Breast Cancer Detection using Convolution Neural Networks

Detection of Breast Cancer Using Convolutional Neural Network

Now a days, Women are highly threatened by breast cancer with morbidity and mortality issues and theses ratio has been increasing year by year. As per the latest reports by the National Breast cancer foundation, (NBCF-USA) [1]. In USA there were 276,480 new cases registered in 2020.

That means 1 in 8 women in the United States will develop breast cancer in her lifetime & out of which estimated 42,170 women died from breast cancer. [2] As per the Indian Council of Medical Research, in India, we had 205,424 new cases registered in 2020. That means 1 in 29 women will develop breast cancer.

With this increasing ratio, we are lacking with the prognosis models, which results in difficulty for doctors to prepare a treatment plan that may prolong patient survival time. Hence, there was requirement of time to develop a model in such a way that it can assist our doctors in predicting whether the patient is suffering from the malignant or benign types of breast cancer with the highest accuracy.

The Case study mainly focuses on the Convolution Neural Networks (CNN) approach in order to extract the features from the image type of dataset and classifies the type OF breast cancers. This case study is carried out to predict the highest accuracy.

The future research can be made to predict the other different parameters and breast cancer with its different categorizes.

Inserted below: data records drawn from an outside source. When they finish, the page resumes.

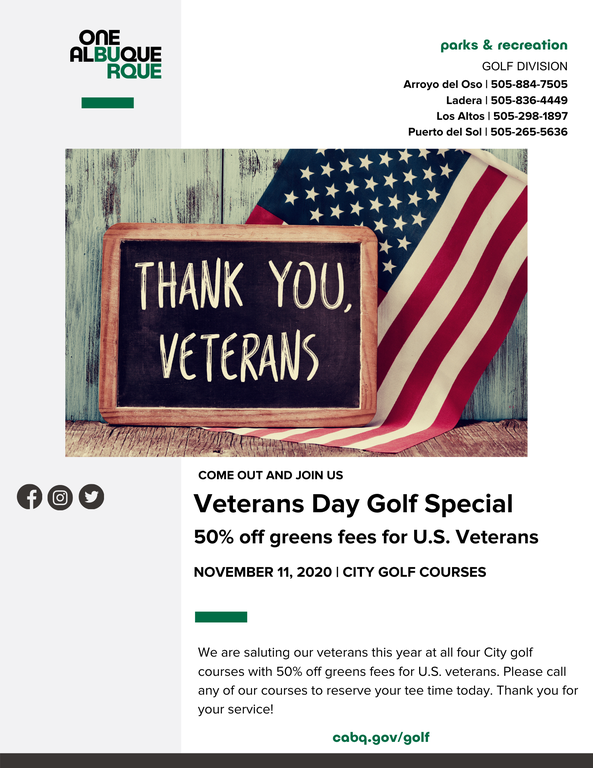 Flyer 2020 Veterans Day Golf Special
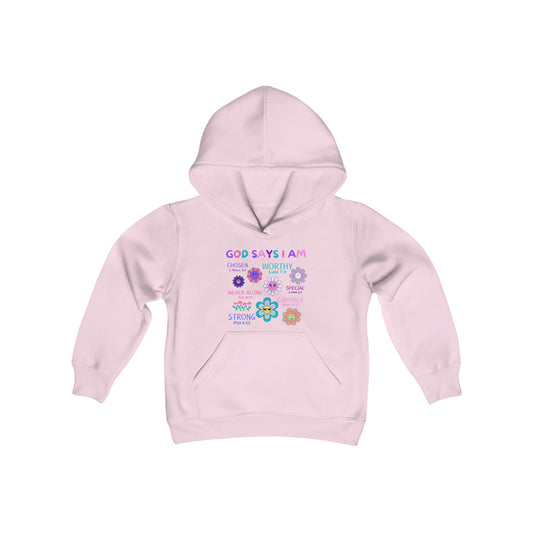 God Says I Am Girls Relaxed Hoodie (Flower Logo) - Sweet Baby Jeez Teez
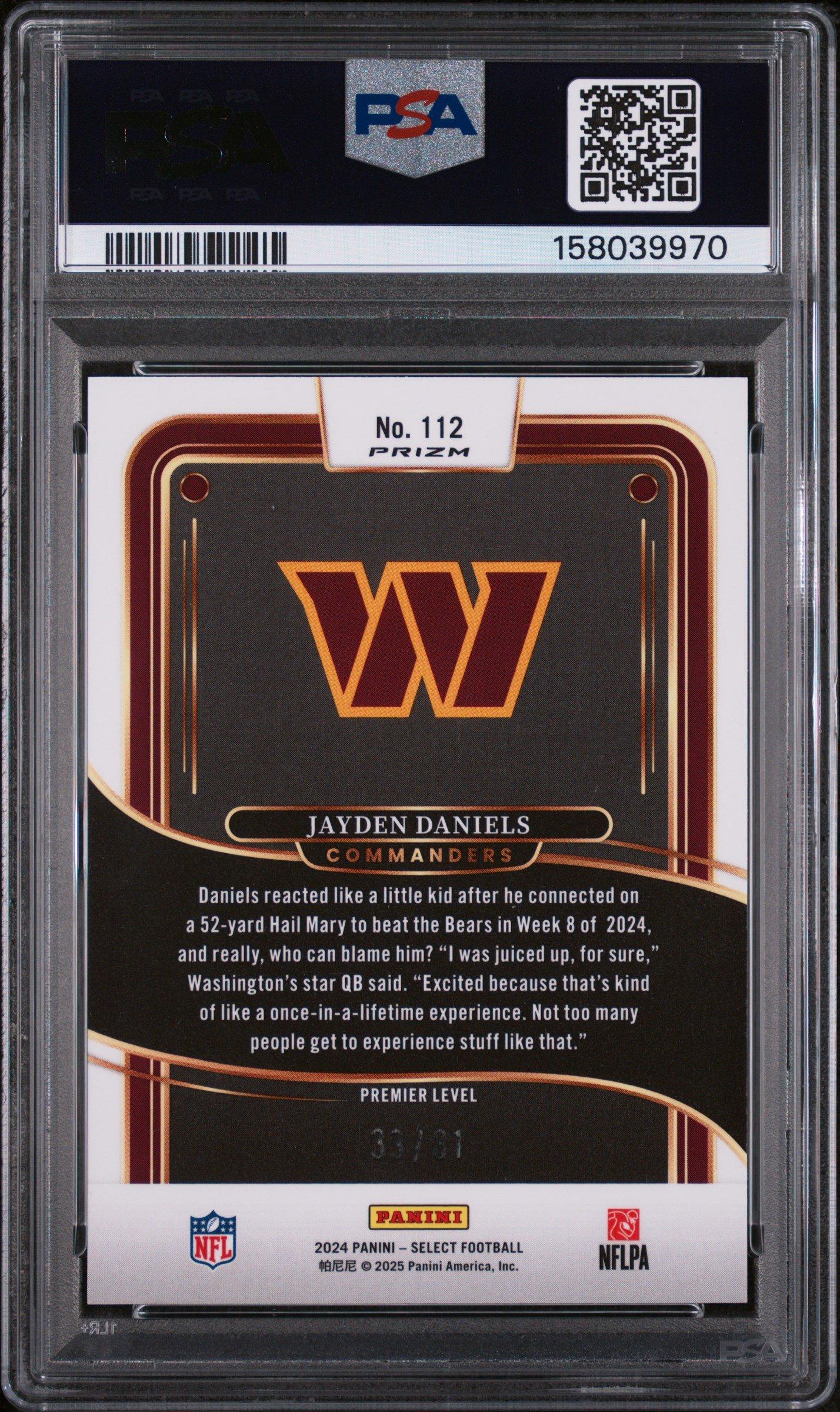 2024 Panini Select 112 Jayden Daniels Dragon Scale Prizm PSA 9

This blog is divided in multiple steps for your understanding:

Step 1: Understanding of cancers & its types (useful for feature extraction)

Step 2: Methodology

Section 1: Pre-processing of an image

Section 2: Convolutional Neural Network

Step 3: Conclusion and its future scope in Medical firms

Understanding of Cancers:

The dataset is divided into two main groups: benign tumors and malignant tumors. Histologically benign is a term referring to a lesion that does not match any criteria of malignancy – e.g., marked cellular atypia, mitosis, disruption of basement membranes, metastasize, etc. Normally, benign tumors are relatively “innocents”, presents slow growing and remains localized. Malignant tumor is a synonym for cancer: lesion can invade and destroy adjacent structures (locally invasive) and spread to distant sites (metastasize) to cause death. This type of procedure, compared to any methods of needle biopsy, removes the larger size of tissue sample and is done in a hospital with general anaesthetic.

Methodology:

This case study was implemented in two major sections:

Section 1: Pre-Processing an image
Section 2: The Extracted features are used further for classification using SVM

Section 1

Pre-Processing an image In this section the mainly the images are converted to the vectors and further resized to fixed size. In this case study the image is resized to (115,175). Once the process is done, the cleaned and pre-processed images are appended to the training & testing datasets.

Section 2

Convolutional Neural Network Topology Our proposed CNN topology is given below and it comprises five convolutional layers followed by two fully connected layers.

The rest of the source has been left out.